Thereafter, AB 5 states that, notwithstanding this ABC Test, any statutory exception from employment status or any extension of employer status or liability remains in effect and that, if a court rules that the 3-part test cannot be applied, then the determination of employee or independent contractor status shall be governed by the test adopted in S. G. Borello & Sons, Inc. v. Department of Industrial Relations (1989) 48 Cal.3d 341 (Borello).

AB 5 then provides more than thirty exemptions from the ABC Test. First, the bill exempts specified occupations from the application of Dynamex and instead provides that these specified occupations are governed by the Borello multi-factor test for determining the proper classification of workers.

These exempt occupations include, among others, licensed insurance agents, certain licensed health care professionals, registered securities broker-dealers or investment advisers, direct sales salespersons, real estate licensees, commercial fishermen, workers providing licensed barber or cosmetology services, and others performing work under a contract for professional services, with another business entity, or pursuant to a subcontract in the construction industry.

The bill also requires the Employment Development Department, on or before March 1, 2021, and each March 1 thereafter, to issue a report to the Legislature on the use of unemployment insurance in the commercial fishing industry. The bill makes the exemption for commercial fishermen applicable only until January 1, 2023, and the exemption for licensed manicurists applicable only until January 1, 2022.

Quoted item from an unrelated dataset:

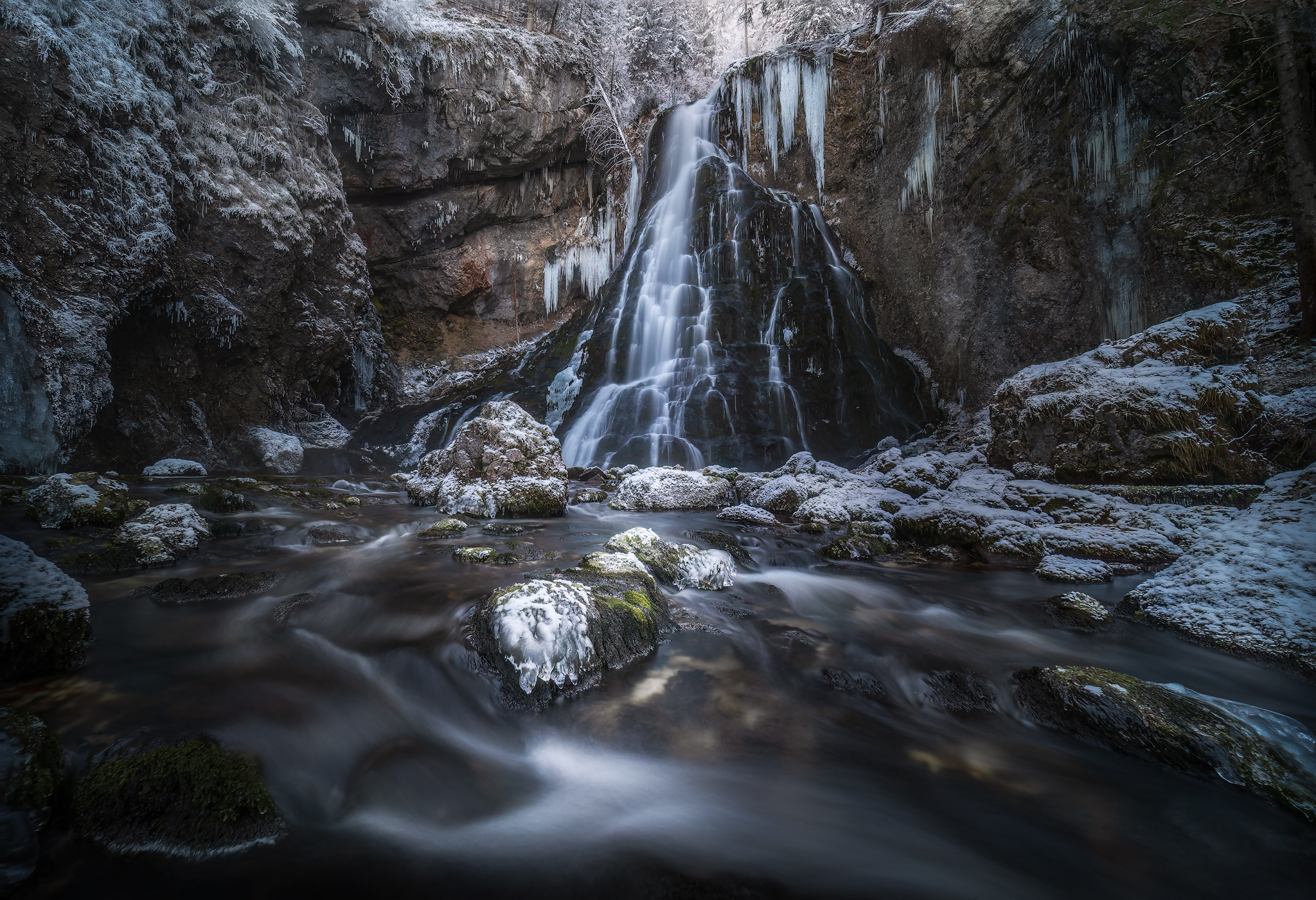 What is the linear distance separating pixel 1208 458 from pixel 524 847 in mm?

In the last set of amendments to AB 5, the law authorizes an action for injunctive relief to prevent employee misclassification to be brought by the Attorney General and specified local prosecuting agencies, basically the city attorneys for the state’s five largest cities.

AB 5 also recasts the definition of “employee” for purposes of unemployment insurance to include an individual providing labor or services for remuneration who has the status of an employee rather than an independent contractor, unless the hiring entity demonstrates that the individual meets all of the specified conditions, including that the individual performs work that is outside the usual course of the hiring entity’s business.

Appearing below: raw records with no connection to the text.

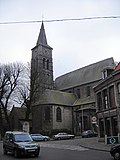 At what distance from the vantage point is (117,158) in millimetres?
13609

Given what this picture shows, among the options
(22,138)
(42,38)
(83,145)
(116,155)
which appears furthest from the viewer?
(42,38)

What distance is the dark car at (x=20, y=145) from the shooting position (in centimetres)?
1542

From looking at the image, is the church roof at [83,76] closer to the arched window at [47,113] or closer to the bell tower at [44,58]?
the bell tower at [44,58]

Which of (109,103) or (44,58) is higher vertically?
(44,58)

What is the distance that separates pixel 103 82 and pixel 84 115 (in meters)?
24.5

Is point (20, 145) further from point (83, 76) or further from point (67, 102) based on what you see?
point (83, 76)

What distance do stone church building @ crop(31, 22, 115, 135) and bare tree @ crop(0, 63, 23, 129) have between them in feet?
12.5

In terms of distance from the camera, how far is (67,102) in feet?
194

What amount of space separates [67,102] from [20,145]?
143 ft

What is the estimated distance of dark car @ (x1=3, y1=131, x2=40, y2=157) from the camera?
15422 mm

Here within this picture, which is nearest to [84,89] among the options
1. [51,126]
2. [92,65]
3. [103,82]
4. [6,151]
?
[92,65]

Of important note is the provisions of AB 5 “do not constitute a change in, but are declaratory of, existing law” with regard to violations of the Labor Code relating to Wage Orders of the Industrial Welfare Commission. The new law also states that specified Labor Code provisions of the bill apply retroactively to existing claims and actions to the maximum extent permitted by law while other provisions apply to work performed on or after January 1, 2020.

Finally, AB 5 provides that the bill’s provisions do not permit an employer to reclassify an individual who was an employee on January 1, 2019, to an independent contractor due to the bill’s enactment. Employers in California will need to examine closely these new provisions of law, particularly for those who are possibly subject to an exemption.